Honoring the Ultimate Sacrifice

I do not know the dignity of their birth, but I do know the glory of their death. They died unquestioning, uncomplaining, with faith in their hearts, and on their lips the hope that we would go on to victory. Always for them: Duty, Honor, Country. Always their blood, and sweat, and tears, as they saw the way and the light. -- General Douglas MacArthur

Today, I took my son and granddaughter to visit two war memorials in Tallahassee, Florida.

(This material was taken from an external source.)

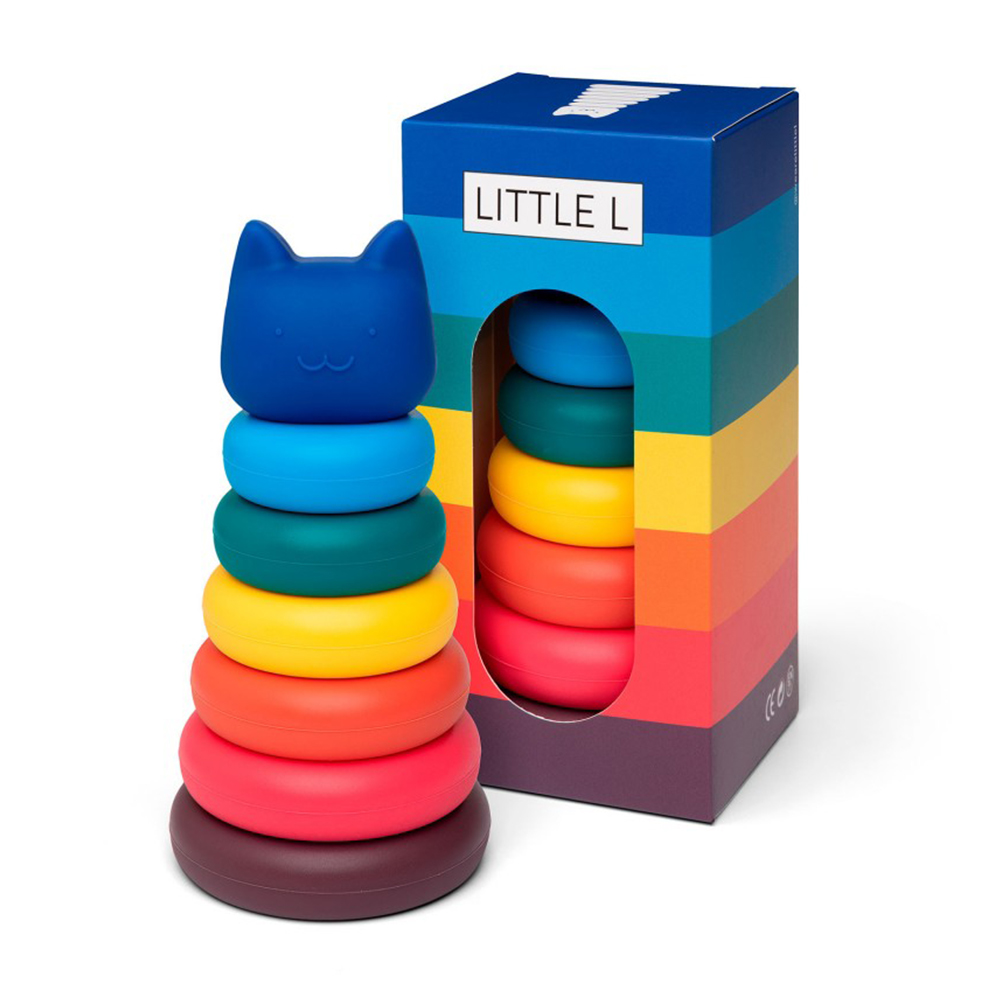 Little L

The first one was the Korean War Memorial. 

The Korean War Memorial in Tallahassee, Florida

Cloee and Drew at the Korean War Memorial in Tallahassee, FL.

The Korean War happened before I was born, but this war is special to me because my stepfather, Jerry Capps, fought in Korea. If you knew Jerry, you'd find it hard to believe that he has ever been anywhere outside of Perote, Alabama. I don't think he wanted to go to Korea, but he went anyway and did his part. As a matter of fact, he did more than his part by rescuing his platoon which was surrounded by the enemy. In 1999, he received the Bronze Star he earned in 1951. 

Jerry in Korea 1951

Jerry hated being in Korea. Today, even with advanced dementia, Jerry will say aloud, "Thank you, God, that I'm not in Korea anymore."

The second memorial we visited today was the Vietnam War Memorial.

Even though this war was during my lifetime, I was too young to know much about it. However, I have learned a great deal about this war from my husband who served three tours in Vietnam.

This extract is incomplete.